# Times like these...



## Bacon (Jul 14, 2011)

make me proud I ride a Brute.






Video's probably here already (might even be posted by someone on this site) but wasn't exactly sure how to search for it lol.


----------



## Polaris425 (Dec 16, 2004)

yeah it's been posted a 100 times...

And as always, I love the brute but, it isnt really a fair comparison.. Like putting a honda civic up against a alcohol car.... lol so IMO, the video is pointless for what they are trying to say...


----------



## enraged350 (Mar 1, 2011)

^X2 Although impressive you can just HEAR how built that brute is. I don't think it even touched the mud...


----------



## Bacon (Jul 14, 2011)

Polaris425 said:


> And as always, I love the brute but, it isnt really a fair comparison.. Like putting a honda civic up against a alcohol car....

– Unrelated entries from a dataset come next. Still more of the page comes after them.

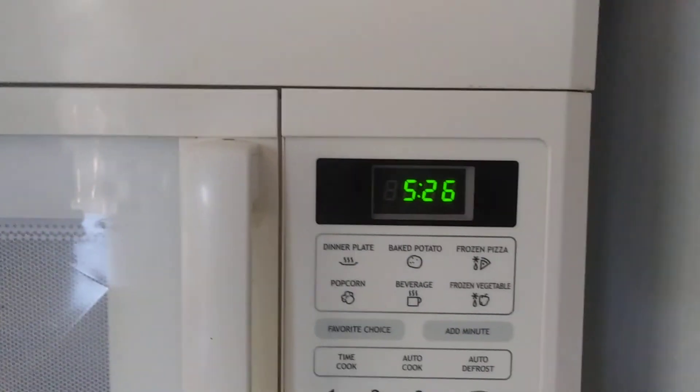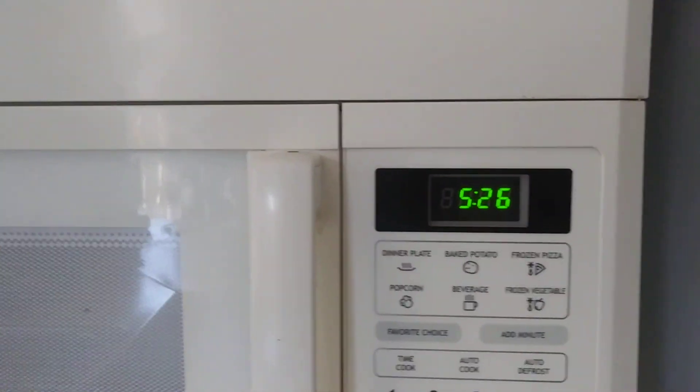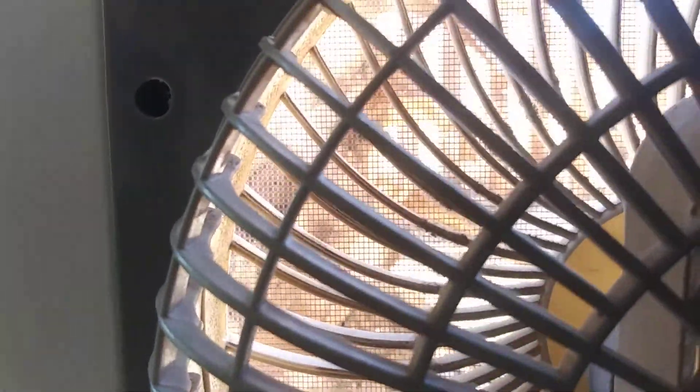Okay guys, so this is what I'm going to do for you guys. It is right now 5:26 PM. I just plugged in my new generator. Let's go have a look. What I did is I put in exactly a gallon of gas in my Champion 3500 watt dual fuel generator.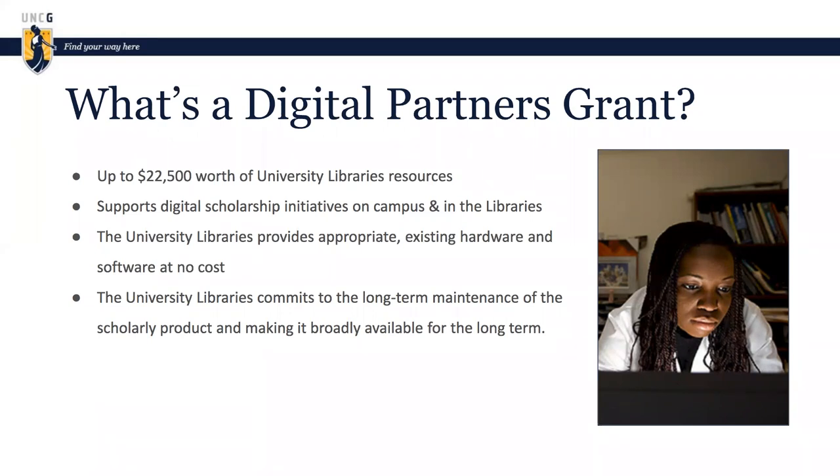We provide our current hosting environment, our existing hardware and software. We're not a cash award, so we're not making any purchases on behalf of faculty. We do also promise to keep everything up and running, keep it upgraded, and migrate to new systems as needed. So we're promising perpetuity hosting for IT-related projects as long as we can.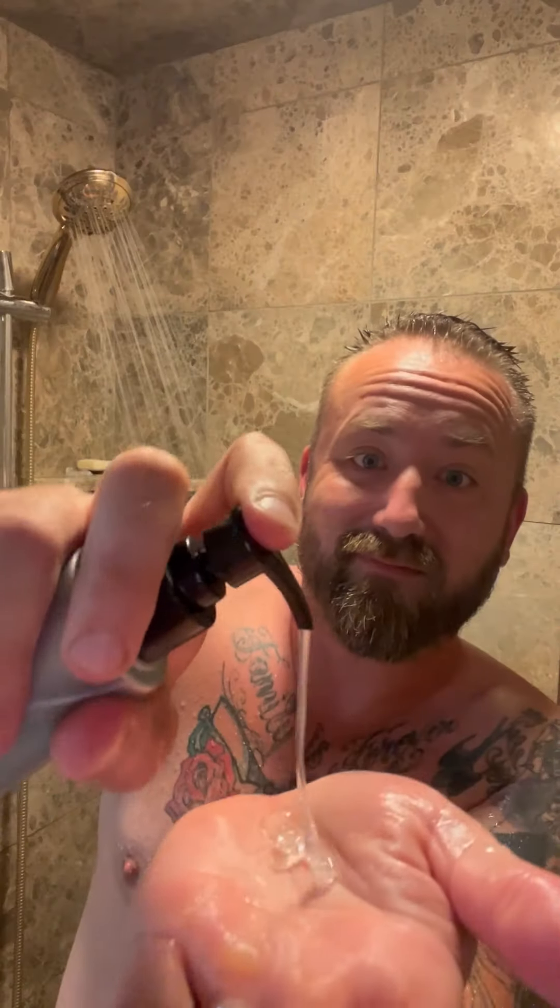I start with the Deep Cleansing Clarifying Shampoo. It removes all the impurities and buildup from my scalp, creating the perfect foundation for the other products to work effectively.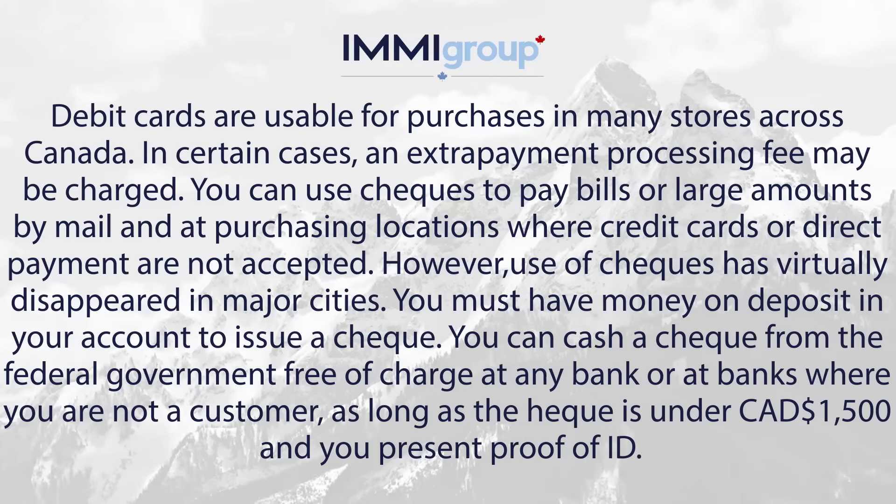Debit cards are usable for purchases in many stores across Canada. In certain cases, an extra payment processing fee may be charged.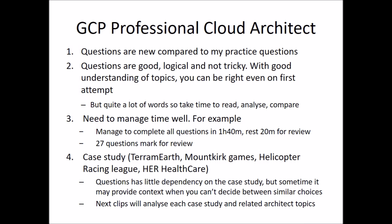In the next video, I will provide you more information on the related architect topics for each case study.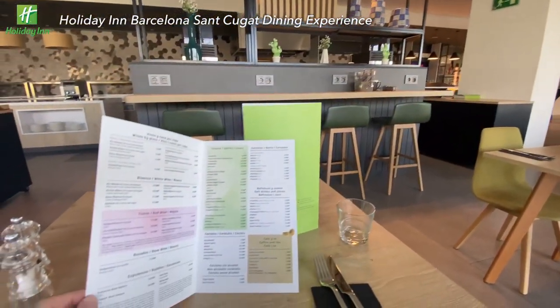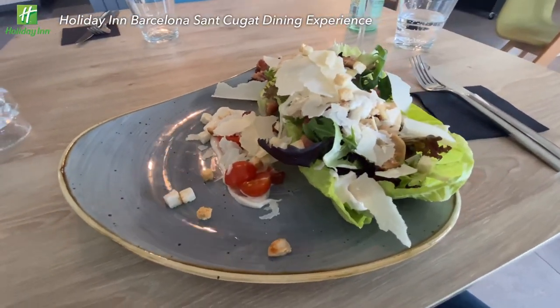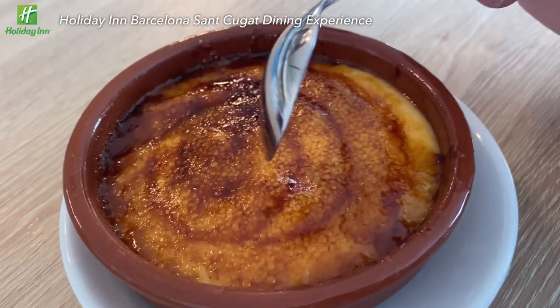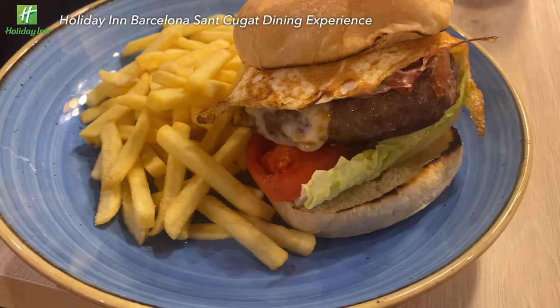It's about time to try their restaurant. I ordered a 3-course set with a nicely presented salad, a steak, and a dessert — yummy, but not enough for me, so I got another hamburger to close my day.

:haha: So what you're saying is.... arctic cat/can-am = about the same as honda :33:

'Eh, mods to the brute aside you can't say you don't feel a little giddy after watching this video.


----------



## Polaris425 (Dec 16, 2004)

I really dont when comparing it to other quads... b/c if you build the motor of the other 2, slapped paddles and NOS on them as well, the brute might not have been the first across the pit...


just saying..............


----------



## Bacon (Jul 14, 2011)

..............BLASPHEMY!


----------



## Polaris425 (Dec 16, 2004)

haha!


----------



## wyo58 (May 13, 2011)

Bacon said:


> ..............BLASPHEMY!


Lmao


----------



## NMKawierider (Apr 11, 2009)

Still....always a good one to watch.


----------



## whoolieshop (Mar 22, 2011)

Horray for paddle tires lol


----------